I believe Adam is located in northern Maryland. Personally I think his winters are probably worse than the ones Glenn faced and pretty close to Connecticut.


----------



## snl (Nov 20, 2009)

camero7 said:


> I believe Adam is located in northern Maryland. Personally I think his winters are probably worse than the ones Glenn faced and pretty close to Connecticut.


He relocated to SC..........


----------



## Slow Drone (Apr 19, 2014)

Latshaws Apiaries Ohio


----------



## DPBsbees (Apr 14, 2011)

Slow Drone said:


> Latshaws Apiaries Ohio


$545 each with a minimum of 4 is too rich for my blood.


----------



## Michael Palmer (Dec 29, 2006)

camero7 said:


> I believe Adam is located in northern Maryland.
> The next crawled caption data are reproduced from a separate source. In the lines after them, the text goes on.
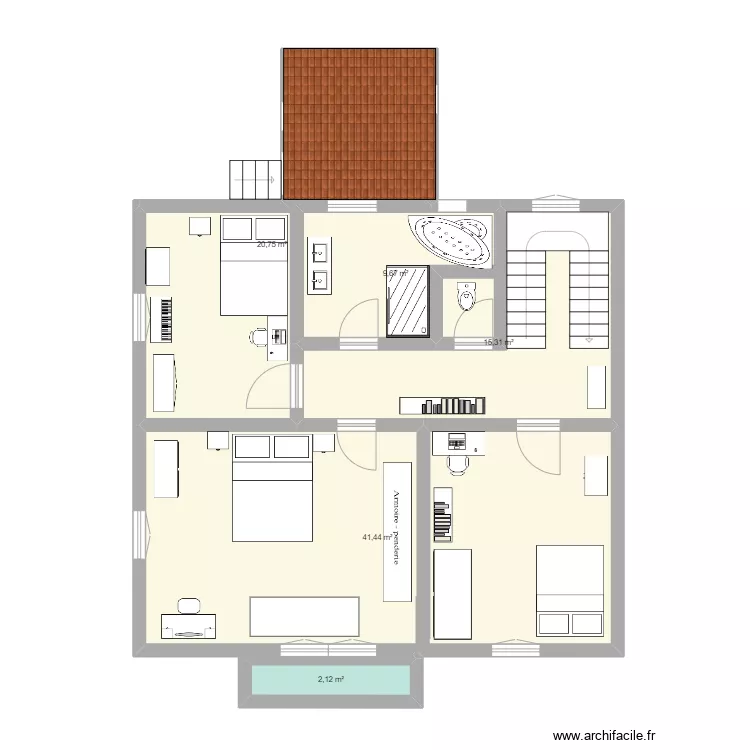 1er Etage nu. Plan de 
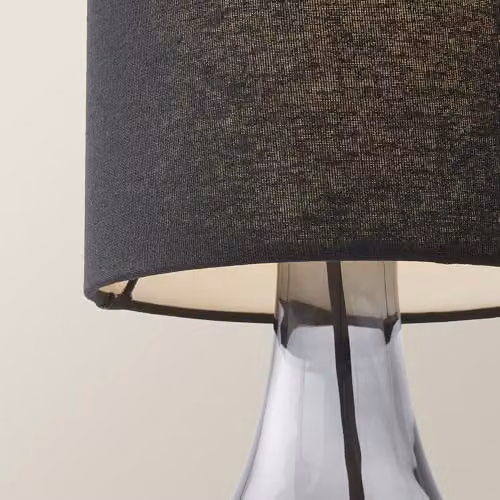 ValueLights Sylvie Black Linen Tall Shade Smoked Glass Squat Table Lamp with LED Bulb – 3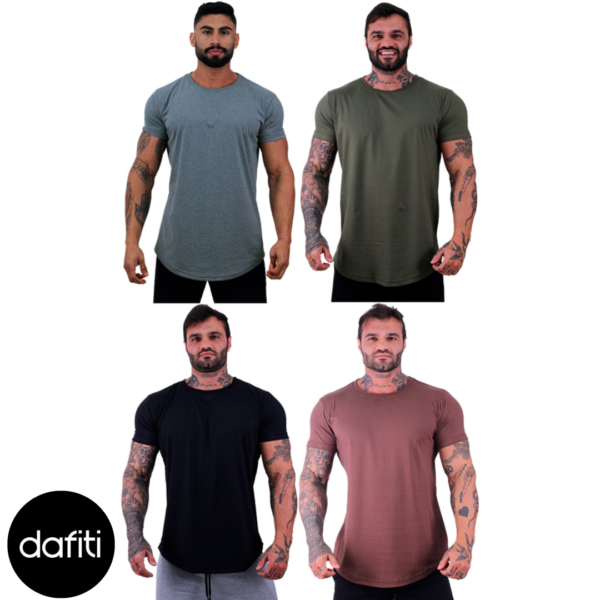 Kit 4 Camiseta Longline Masculina Alto Conceito Slim Mescla Escuro, Verde Militar, Preto e Cacau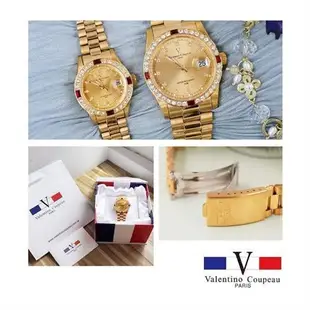 【Valentino Coupeau】范倫鐵諾四方鑽全金鋼帶男女錶 范倫鐵諾 古柏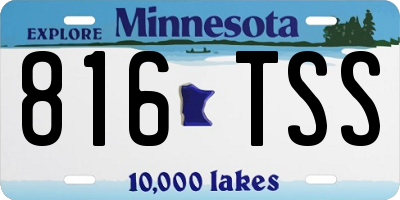 MN license plate 816TSS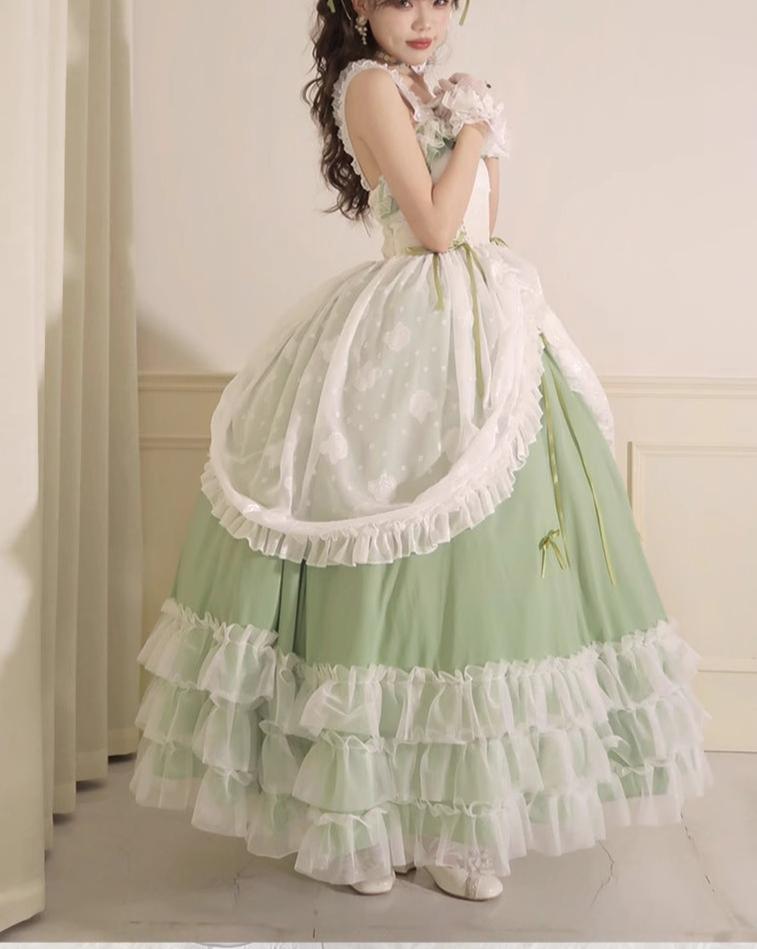 Daydream Whisper - Toting Basil - Plus Size Wedding Lolita Dress Green Bridal JSK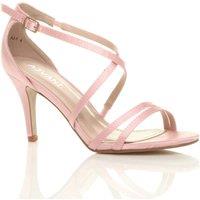 AJVANI Women's High Heel Crossed Straps Buckle Satin Heeled Sandals in Pink | Size: 3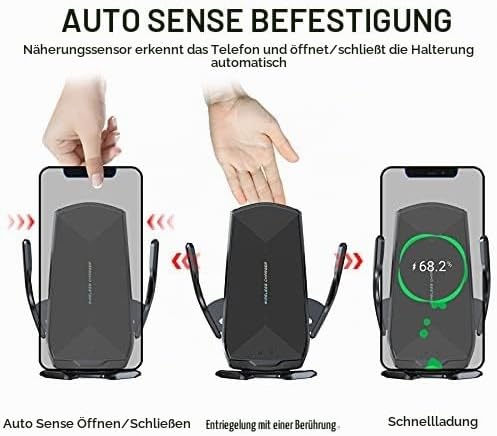 Wireless Car Charger, 15W Qi Fast Charging Auto-Clamping Car Mount Air Vent Phone Holder for iPhone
Personally I think his winters are probably worse than the ones Glenn faced and pretty close to Connecticut.


He re-located to SC to get an earlier season.


----------



## cheezer32 (Feb 3, 2009)

I tried some of Adams vsh breeders this year, so far the daughters have done very well and are looking good. I would recommend them.


----------



## Rusty Hills Farm (Mar 24, 2010)

Okay, maybe I am misunderstanding what I've read but I thought all the original VSH stock came from the USDA in Louisiana. Doesn't that make them ALL "southern stock"-- especially if the AI semen is still coming from the USDA? 

:kn:

Rusty


----------



## Mosherd1 (Apr 17, 2011)

Rusty Hills Farm said:


> Okay, maybe I am misunderstanding what I've read but I thought all the original VSH stock came from the USDA in Louisiana. Doesn't that make them ALL "southern stock"-- especially if the AI semen is still coming from the USDA?
> 
> :kn:
> 
> Rusty


I guess this is my question, would pure VSH stock be able to withstand northern winters?


----------



## AAIndigo (Jun 14, 2015)

Rusty Hills Farm said:


> Okay, especially if the AI semen is still coming from the USDA?
> 
> :kn:
> 
> Rusty


Man that is one loaded quote.


----------



## Michael Palmer (Dec 29, 2006)

Mosherd1 said:


> I guess this is my question, would pure VSH stock be able to withstand northern winters?


I started introducing VSH stock into my operation in 2004. All came from Glenn. After Tom and Suki Glenn retired, I got some breeders from Adam. 

Now, I don't use them every year, and I have more breeders of my own than VSH breeders bought in. I use them to inject some amount of VSH into my stock, and I will say I think it has helped.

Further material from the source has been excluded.